Gujar Village

Susie Bryan
Susie Bryan

Exploring the Gujar village was a fantastic, once-in-a-lifetime experience. Just as the heat began to fade, we loaded ourselves into a bus and drove ten minutes down the road, where we turned onto a dirt path leading to the Gujar village. The people there had migrated to the foothills of the Himalayas during the Mughal Empire to escape forced conversion to Islam, and their lifestyle has largely stayed intact.

They earn their income from selling buffalo milk. It is the most expensive milk in the area because their buffalo graze on untouched land. Besides the men riding their bikes to the main road to exchange their milk, they have virtually no contact with the outside world. Seeing the way they live was amazing; their houses are constructed of dead wood frames and wheat packed with clay. The roofs let out the smoke without leaking when it rains. The triangular and circular windows painted with faded colors were beautiful. They made their own rope to construct beds that looked more comfortable than hammocks and used coal irons for their clothes.

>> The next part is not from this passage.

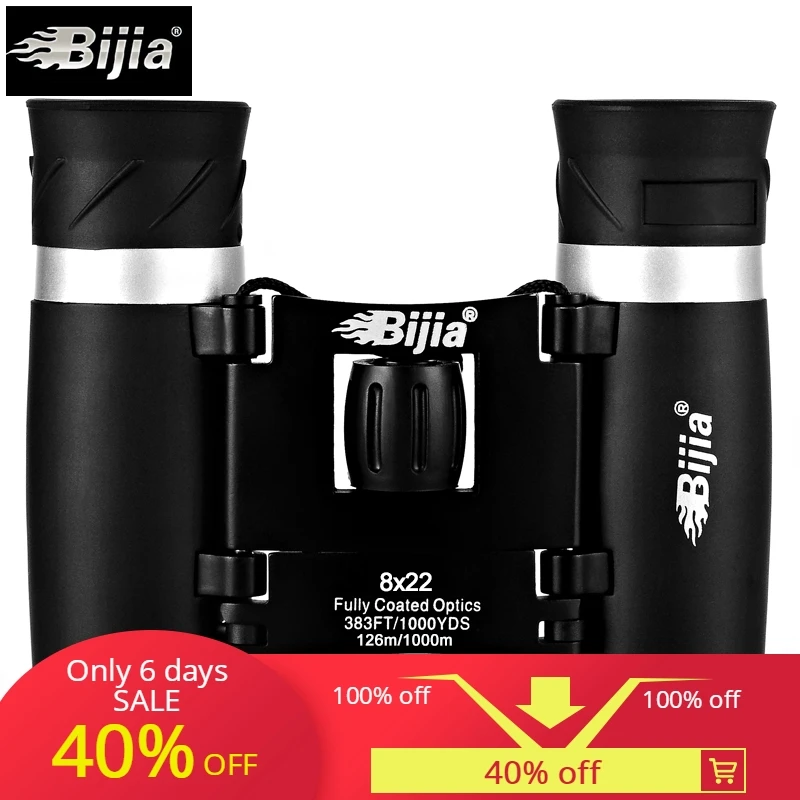 

BIJIA 8x22 High Quality HD Lightweight telescope Outdoor Portable Binocular jumelles Folding Compact Binoculars For Hunting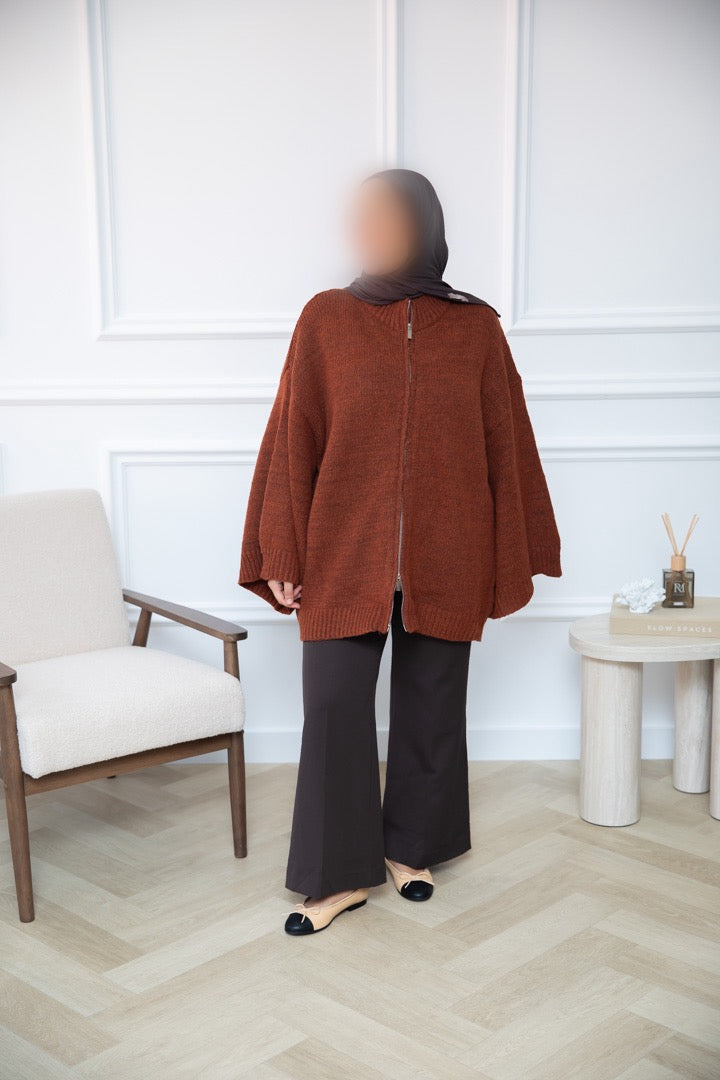 OVERSIZED VEST DARK ORANGE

The dry forest landscape they call home was much more barren than I had expected. The heat left the area normally occupied by the Ganges River dry and dusty, with random patches of green trees and shrubs. Yet somehow, the Gujar people manage to live a more efficient and environmentally friendly lifestyle than most of the world. They use only dead wood to fuel their fires, live in clay huts which stay warm in winter and cold in summer, barely use the solar lights they have, are highly conservative with water, use as much from their livestock as they can, and generally work with the land rather than against it. Exploring their village was both eye opening and humbling. I feel grateful to have been given the opportunity to experience something so pure and simple that contrasts so greatly with the kind of life I’m familiar with.

Susie Bryan

  • Leigh Ann Clifton

    Hi Susie,

    I appreciate your vivid descriptions and insightful observations. There are few relatively “untouched” cultures and groups that still exist on this world, and I think it’s amazing that you had a chance to meet and experience one…even a little. What a contrast from our familiar culture. I appreciate the point you make about how sustainable and environmentally-friendly their lifestyle is…without the hoopla of “we’re green”…they just are naturally assuming and pursuing a path that is functional and sustainable given the opportunities and choices available to them.

    If only humanity could make similar functional and environmentally-harmonius choices on a more global scale…

    Thanks for writing about this! I had never heard of these people before and appreciate learning of their existence and culture – and that you shared some personal observations.